MATERIAL PROVIDED:
--------------------------------
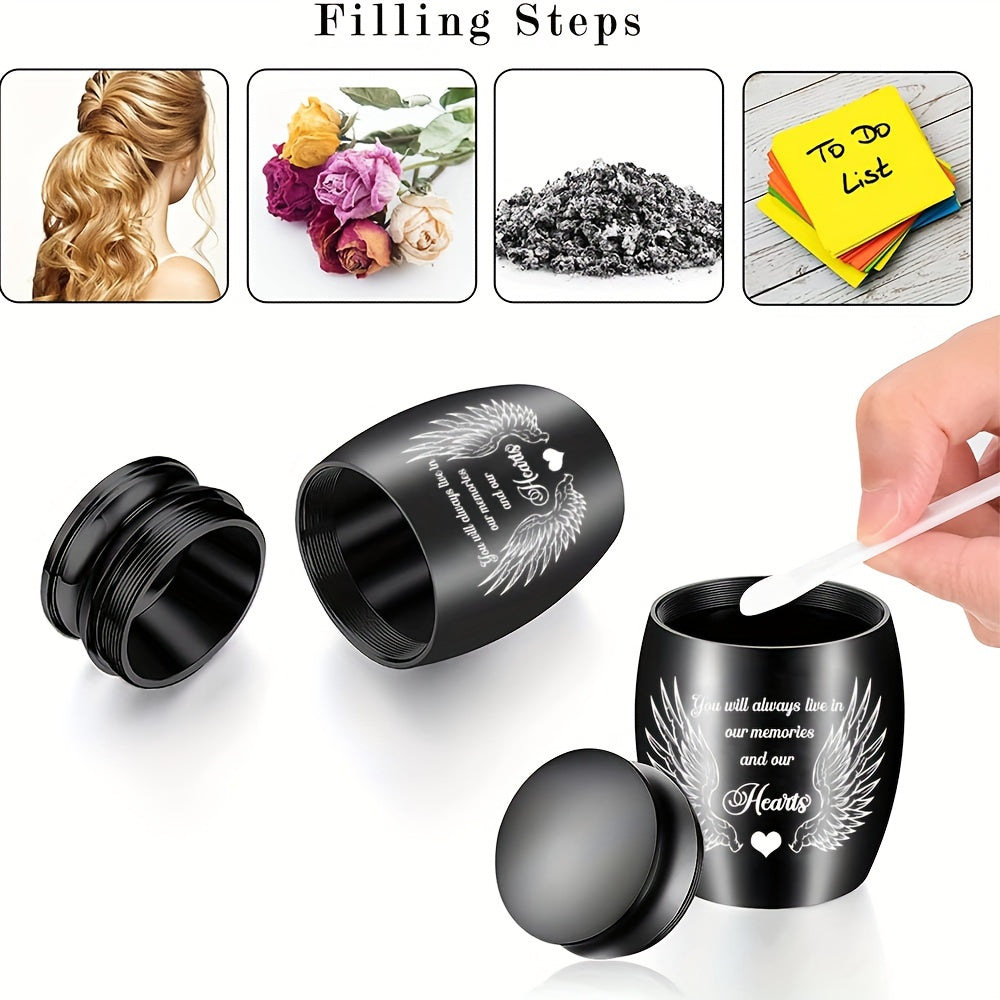 Small Keepsake Cremation Urn for Human or Pet Ashes – Mini Aluminum Alloy Funeral Urn with You Will Live in Our Memories Engraving, Memorial Ash Holder for Adults & Pets, Silver or Black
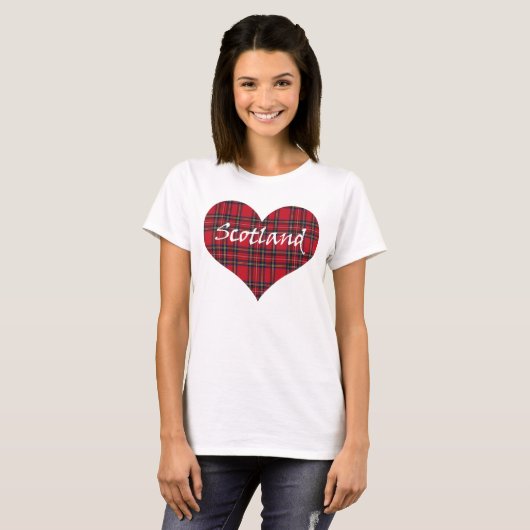 Scotland Heart Tartan T-Shirt (Voorkant volledig)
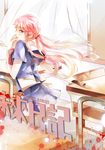  gasai_yuno knife long_hair mirai_nikki pink_eyes pink_hair red_eyes school_uniform solo twintails wazxtsky 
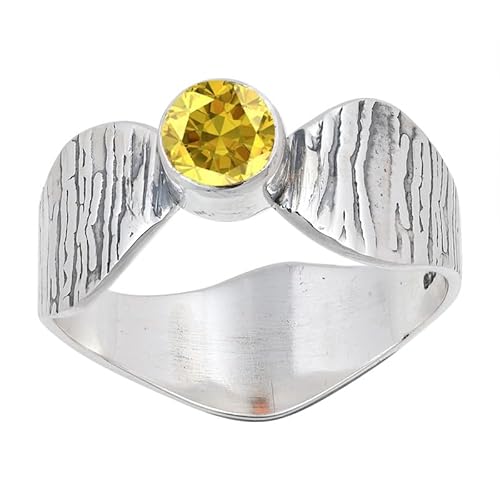 JEWELSTREZORO Laborgezüchteter gelber Saphir Edelstein 925 Sterling Silber Stilvoller handgefertigter Band Ring Geschenkartikel Herren & Damen Schmuck TSR113AP_29 (75 (23.9)) von JEWELSTREZORO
--------------------------------
Within the listing above, find the line containing "gasai_yuno knife long_hair", then print it and every line after it exactly, leaving out pictures.

EXERCISE OUTPUT:
  gasai_yuno knife long_hair mirai_nikki pink_eyes pink_hair red_eyes school_uniform solo twintails wazxtsky 
 JEWELSTREZORO Laborgezüchteter gelber Saphir Edelstein 925 Sterling Silber Stilvoller handgefertigter Band Ring Geschenkartikel Herren & Damen Schmuck TSR113AP_29 (75 (23.9)) von JEWELSTREZORO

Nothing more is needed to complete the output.